Thermodynamics of dense hadronic matter in a parity doublet model

TL;DR

This paper investigates the thermodynamics of dense hadronic matter using a parity doublet model, revealing two phase transitions and the behavior of the pion decay constant at finite temperature and density.

Contribution

It introduces a parity doublet model that accurately reproduces nuclear ground state properties and predicts two distinct phase transitions in nuclear matter.

Findings

Identification of liquid-gas and chiral phase transitions.

Reduction of pion decay constant at intermediate chemical potentials.

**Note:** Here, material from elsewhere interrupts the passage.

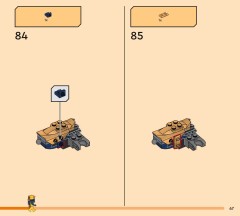 LEGO 71855 instructions page 67 – build guide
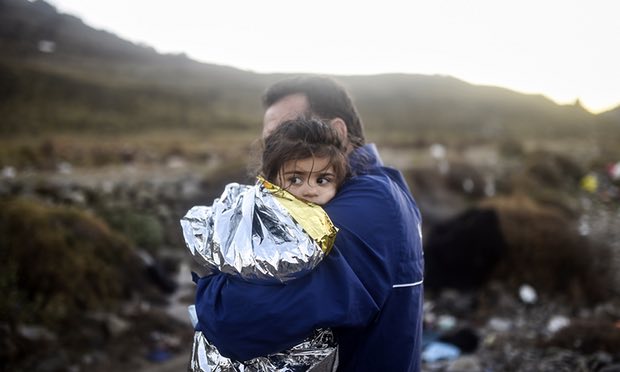
Những người tị nạn chạy khỏi đất nước mình, không có giấy tờ tùy thân và trở thành những người không quốc tịch. Ảnh: AFP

Approach of the pion decay constant to zero at high chemical potential.

Abstract

We study thermodynamics of nuclear matter in a two-flavored parity doublet model within the mean field approximation. Parameters of the model are chosen to reproduce correctly the properties of the nuclear ground state. The model predicts two phase transitions in nuclear matter, a liquid-gas phase transition at normal nuclear density and a chiral transition at higher density. At finite temperature the pion decay constant exhibits a considerable reduction at intermediate values of chemical potential, which is traced back to the presence of the liquid-gas transition, and approaches zero at higher chemical potential associated with the chiral symmetry restoration. A "transition" from meson-rich to baryon-rich matter is also discussed.